How to complete this task | Report every line in the listing below where the string "Silver" shows up.

Given records |
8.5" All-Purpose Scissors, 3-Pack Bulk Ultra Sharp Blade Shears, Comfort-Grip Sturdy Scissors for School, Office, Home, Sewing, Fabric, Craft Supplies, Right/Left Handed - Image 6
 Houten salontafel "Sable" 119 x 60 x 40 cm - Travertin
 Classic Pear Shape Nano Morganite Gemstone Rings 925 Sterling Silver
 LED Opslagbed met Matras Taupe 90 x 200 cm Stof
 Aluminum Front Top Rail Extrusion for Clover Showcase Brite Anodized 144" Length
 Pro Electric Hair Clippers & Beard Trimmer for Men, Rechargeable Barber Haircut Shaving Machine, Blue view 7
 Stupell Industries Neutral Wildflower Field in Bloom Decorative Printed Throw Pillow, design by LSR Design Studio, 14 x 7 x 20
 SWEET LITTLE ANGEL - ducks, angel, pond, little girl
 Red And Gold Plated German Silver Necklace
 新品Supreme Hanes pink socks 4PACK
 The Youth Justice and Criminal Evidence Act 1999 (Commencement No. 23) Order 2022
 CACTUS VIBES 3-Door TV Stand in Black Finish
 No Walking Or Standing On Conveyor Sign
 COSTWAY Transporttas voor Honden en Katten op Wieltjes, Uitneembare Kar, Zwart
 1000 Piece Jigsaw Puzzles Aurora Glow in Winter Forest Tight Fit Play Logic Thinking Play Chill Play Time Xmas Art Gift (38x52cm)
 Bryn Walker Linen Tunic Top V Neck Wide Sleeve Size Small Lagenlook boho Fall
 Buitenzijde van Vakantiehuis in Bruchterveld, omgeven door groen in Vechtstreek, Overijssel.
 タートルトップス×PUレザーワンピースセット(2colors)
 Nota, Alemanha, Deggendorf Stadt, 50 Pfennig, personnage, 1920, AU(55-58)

Task result |
 Classic Pear Shape Nano Morganite Gemstone Rings 925 Sterling Silver
 Red And Gold Plated German Silver Necklace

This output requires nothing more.